(France Soir 27/01/2011)
Outre l’ex-président et sa femme, la Tunisie recherche activement les autres membres de la famille et leur réseau d’obligés.
Jour après jour, l’étau se resserre. Les autorités tunisiennes ont émis, hier, un mandat d’arrêt international à l’encontre de Zine el-Abidine Ben Ali, le président déchu, et de Leïla Trabelsi, son épouse. Parti en toute hâte, et réfugié depuis quinze jours en Arabie saoudite, le potentat destitué semble, pour l’instant, promis à un encerclement judiciaire l’empêchant au moins de quitter Ryad. Malgré l’avis de recherche officiel, Tunis redoute toutefois le précédent Idi Amin Dada, du nom de l’ex-tyranneau ougandais ayant trouvé asile à Djeddah, d’avril 1979 jusqu’à sa mort en août 2003, sans jamais avoir été jugé.

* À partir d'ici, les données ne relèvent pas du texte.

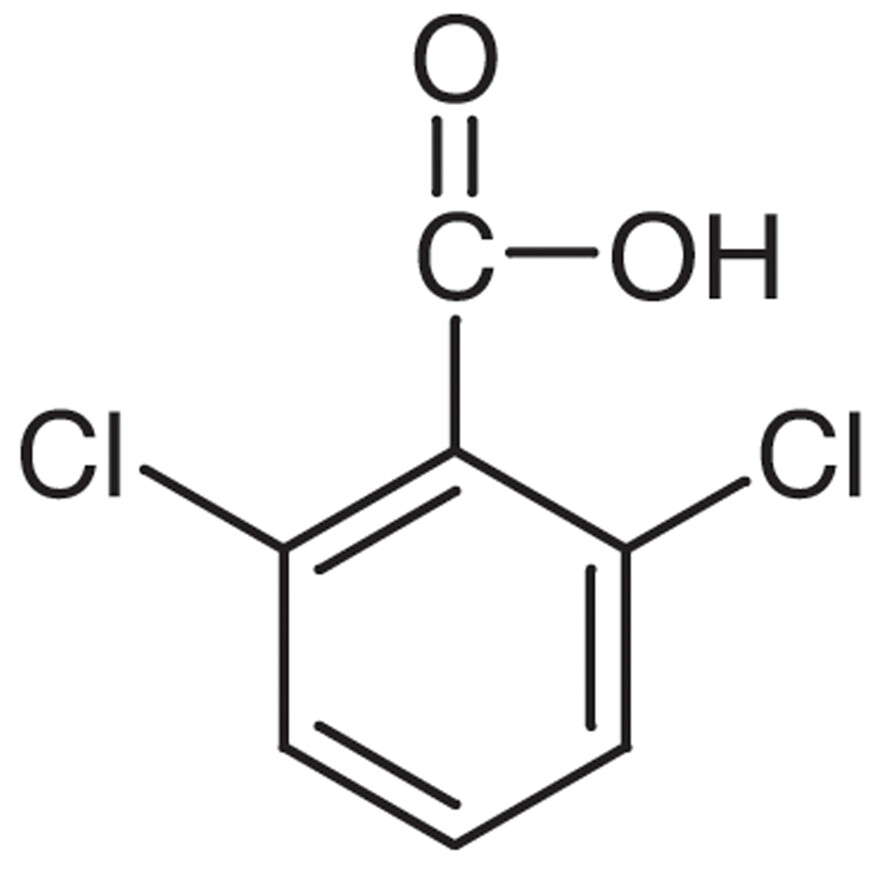 2,6-Dichlorobenzoic Acid&gt;98.0%(GC)(T)25g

Outre la plainte déposée par trois ONG, à Paris, le 19 janvier, contre les époux Ben Ali, leur famille et leurs hommes liges pour « corruption », l’ex-dirigeant et sa femme sont aussi poursuivis par la justice tunisienne pour « acquisition illégale de biens mobiliers et immobiliers » et « transferts illicites de devises à l’étranger ».
Ces poursuites cumulées s’inscrivent dans le sillage de la vaste traque déclenchée en Europe, au sujet de l’ensemble du patrimoine mal acquis par ceux que les Tunisiens désignent maintenant tout haut sous l’expression de « mafia de Carthage »… La Suisse, la France et l’Union européenne (UE) s’étant prononcées favorablement quant au blocage et au gel de fonds indûment détenus par la totalité des fugitifs.

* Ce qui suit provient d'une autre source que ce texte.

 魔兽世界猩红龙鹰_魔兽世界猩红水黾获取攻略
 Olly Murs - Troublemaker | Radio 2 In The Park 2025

L’ex-numéro un tunisien avait quitté le pouvoir, en catastrophe, le 14 janvier, sous la pression inédite de la rue, une émeute généralisée baptisée la « révolution de jasmin ». Nulle trace cependant de Leïla Trabelsi en Arabie saoudite. Plusieurs sources diplomatiques doutent de sa présence à Ryad. Certaines d’entre elles la croient – sans certitude – parvenue discrètement au Canada où plusieurs membres du clan bénéficiant de statut de « résidents officiels » ont élu domicile. « Leïla la coiffeuse », ainsi surnommée avec mépris par les Tunisiens, est exécrée pour avoir mis en coupe réglée des pans entiers de l’économie locale au profit de sa famille et d’obligés constitués au fil de la grande entreprise de prédation économique entamée.

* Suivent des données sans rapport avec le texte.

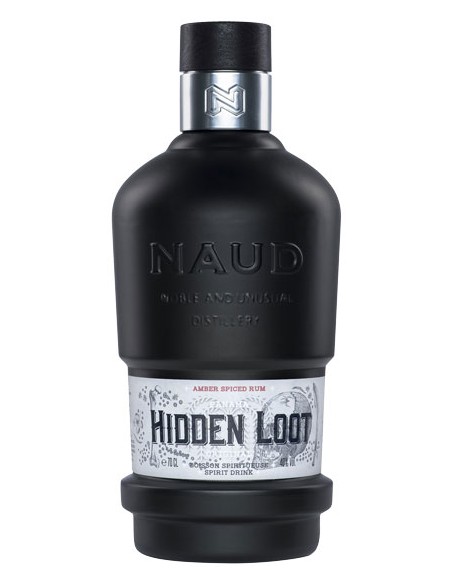 Boisson SpiritueuseHidden Loot Spiced - Chai N°5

Autre figure honnie de ce régime boursouflé par la prévarication : Belhassen Trabelsi, le frère de l’ex-première dame, lui aussi en fuite. A l’instar de huit autres membres de la fratrie Trabelsi, récemment interpellés et tenus au secret, il est visé par des poursuites identiques.
Les serviteurs zélés du régime moribond n’échappent pas non plus au grand nettoyage annoncé. Huit membres de la garde présidentielle, dont son ex-chef, le général Ali Sériati, font l’objet d’une enquête distincte concernant des exactions contre la population. Le haut gradé est en outre visé par une information judiciaire, ouverte le 16 janvier, pour « complot contre la sécurité intérieure de l’Etat, incitation à commettre des crimes et à s’armer et provocation au désordre ». Figure centrale de la garde prétorienne du dictateur destitué, il a récemment été appréhendé dans le sud du pays alors qu’il prenait la tangente vers la Libye frontalière.
9.500 évadés priés de se rendre…
Quoique formulée dans un contexte exceptionnel, la supplique est à peine croyable. Le ministre de la Justice tunisien a appelé, hier, près de 9.500 détenus en cavale à… retourner en prison. Ces derniers ont profité du tumulte né, ces quinze derniers jours, de la « révolution du jasmin » pour prendre la clé des champs. Les fuyards visés par l’appel singulier des autorités sont tous des prisonniers de droit commun. Tunis indique en outre que 698 personnes ont été arrêtées pour implication dans les troubles ayant précédé et suivi la chute de Zine el-Abidine Ben Ali.